Pour une fiscalité égalitaire

Cesla Amarelle En 1984, le Tribunal fédéral avait jeté un pavé dans la mare à propos des inégalités fiscales entre couples mariés et couples vivant en concubinage en demandant aux autorités fédérales d’apporter une solution moderne et complète comme il en existe depuis longtemps dans de nombreux pays européens. Trente ans après, force est de constater que la plupart des couples mariés ne se trouvent plus réellement désavantagés fiscalement. En fait, les inéquités ne touchent aujourd’hui plus que 2.5% des ménages. Pour l’essentiel, 80’000 couples à hauts revenus. Dans ce contexte, l’initiative du PDC offre un cadeau fiscal coûtant jusqu’à 2,3 milliards de francs à ces ménages aisés.

Le réel enjeu de la votation du 28 février prochain n’était dès lors pas de supprimer les cas de pénalisation du mariage devenus rares. L’initiative du PDC avait en réalité pour but essentiel de bloquer le Parlement à l’avenir de procéder à des avancées notoires dans le domaine de l’imposition individuelle. Une direction que la Commission des finances du Conseil national appelle de ses vœux puisque le 29 janvier passé elle a encore confirmé sa volonté d’introduire le plus rapidement possible ce modèle d’imposition par l’adoption d’une motion adressée au Conseil fédéral.

 

Equité fiscale et pacification de l’imposition des familles

L’imposition individuelle est un système d’imposition indépendant de l’état civil.

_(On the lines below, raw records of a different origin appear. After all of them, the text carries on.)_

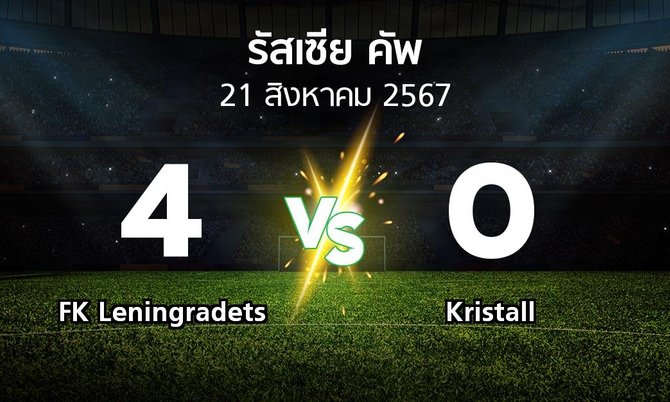 ผลบอล : FK Leningradets vs Kristall (รัสเซีย-คัพ 2024-2025)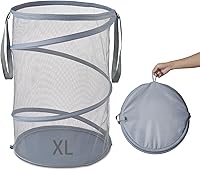 Vista 14 de Cesta de lavandería emergente de malla Seiritex 115L, cesta de lavandería plegable de gran capacidad extra, cesta de almacenamiento de ropa plegable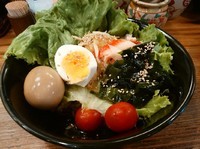 「冷やしサラダ麺(並盛・150g)780円」@ばりきや 藤岡店の写真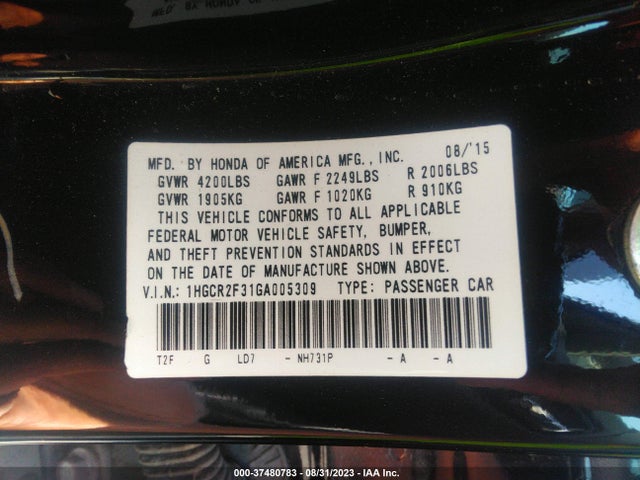 Honda Accord Sedan Lx 2016 1HGCR2F31GA005309 Image 9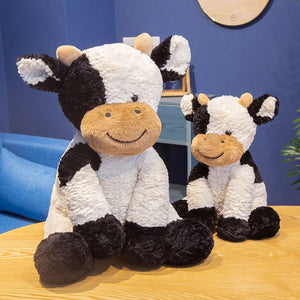 Lifelike Sitting Milk Cow Fur Plush Stuffed Doll Toys for Kid Gift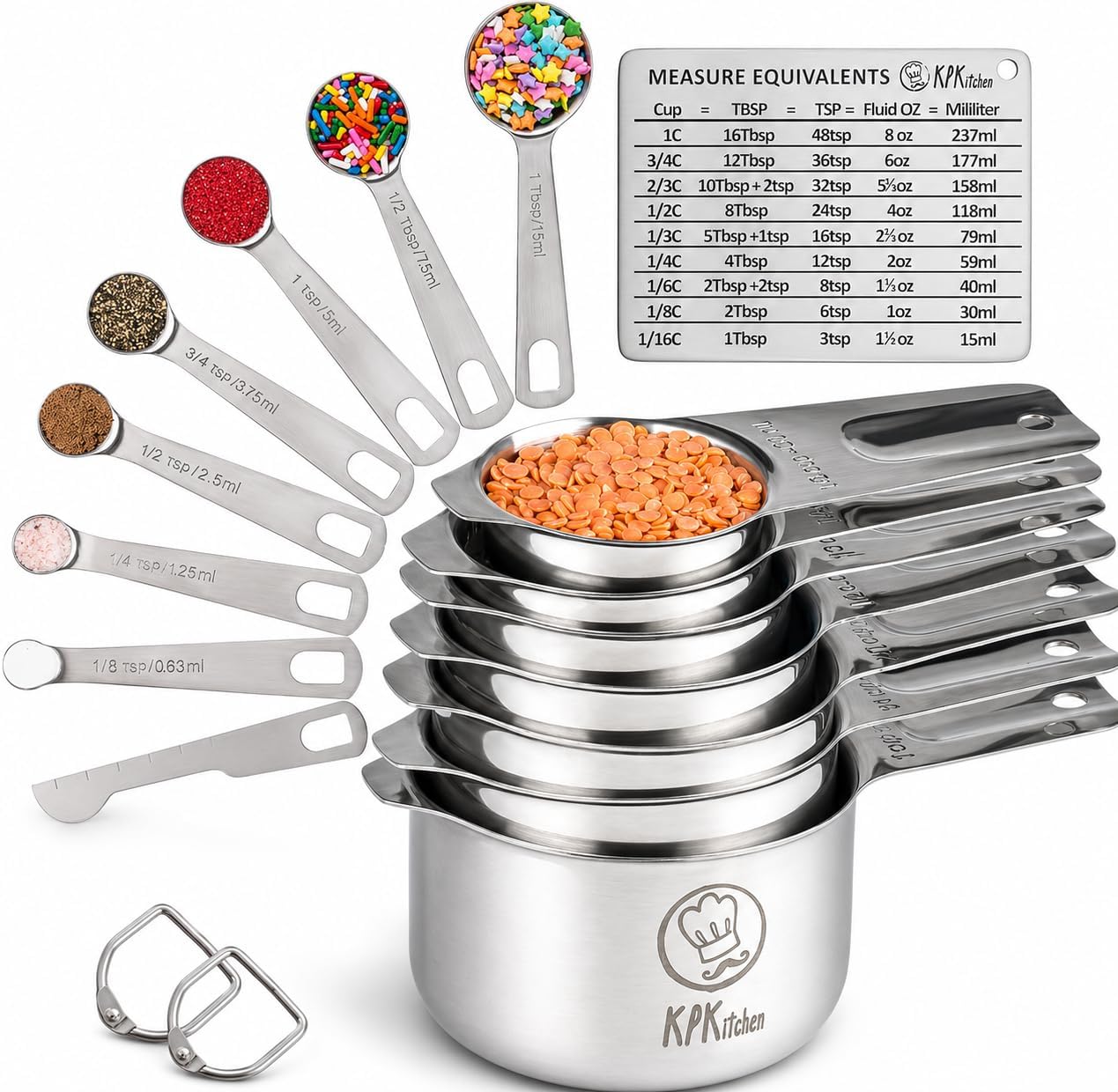 Stainless Steel Measuring Cups and Spoons Set of 16-7 Cup & 7 Spoon + Conversion Chart & Leveler – Kitchen Measuring Spoons and Cups – Dry Measure Cups Stainless Steel & Baking Metal Measuring Cups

La fiscalité doit s’adapter aux évolutions sociétales qu’on connaît aujourd’hui en Suisse et qui se traduisent par des formes de ménages nouvelles et de plus en plus changeantes.

 

Le mode de vie des ménages a profondément évolué au cours de ces quarante dernières années. La famille « néo-traditionnelle », c’est-à-dire la forme la plus répandue de ménage familial, est celle de deux parents qui travaillent (l’homme à plein temps et la femme à temps partiel). Neuf personnes sur dix aujourd’hui en Suisse composent des ménages qui ne correspondent plus à l’ancien modèle traditionnel où seul l’homme travaille. Dès lors, l’imposition commune est devenue trop obsolète. Pour que l’imposition soit désormais neutre, il faut mettre un terme aux éternelles tentatives de corrections et de rééquilibrage concernant la répartition des charges entre les types de ménages différents mais qui jouissent d’une même capacité contributive. En ce sens, il faut rappeler que ce n’est pas pour rien que les pays qui l’ont introduit (Autriche, Espagne, Grande Bretagne, Suède) disposent aujourd’hui d’une situation pacifiée dans le domaine de l’imposition des ménages, contrairement à nous. Ce modèle d’imposition est d’ailleurs en parfaite cohérence avec la politique familiale et ses trois piliers et avec la réforme sur le droit d’entretien.

 

Impact économique et modèle incitatif pour les femmes

L’autre enjeu de ce modèle de fiscalité est celui de l’incitation du travail des femmes. L’imposition individuelle est le système fiscal qui possède l’effet de croissance le plus important parce qu’il est celui qui incite le plus le second contributeur de revenu (en général, des femmes) à participer pleinement à la vie active. Ces effets favorables sur la croissance ont été récemment estimés par l’administration fédérale à environ 50’000 emplois à plein temps. Ce modèle fortement incitatif est de loin le plus efficace par rapport au système d’imposition commune à forte progressivité du taux de taxation.

 

Au lieu d’empoigner les vrais enjeux de la fiscalité des familles afin de parvenir à un accord sur l’imposition individuelle entre les grands partis du centre, le PDC s’enfonce dans un débat obsolète autour de la pénalisation des couples à hauts revenus. Pourtant, ce débat est essentiel pour l’égalité économique des femmes.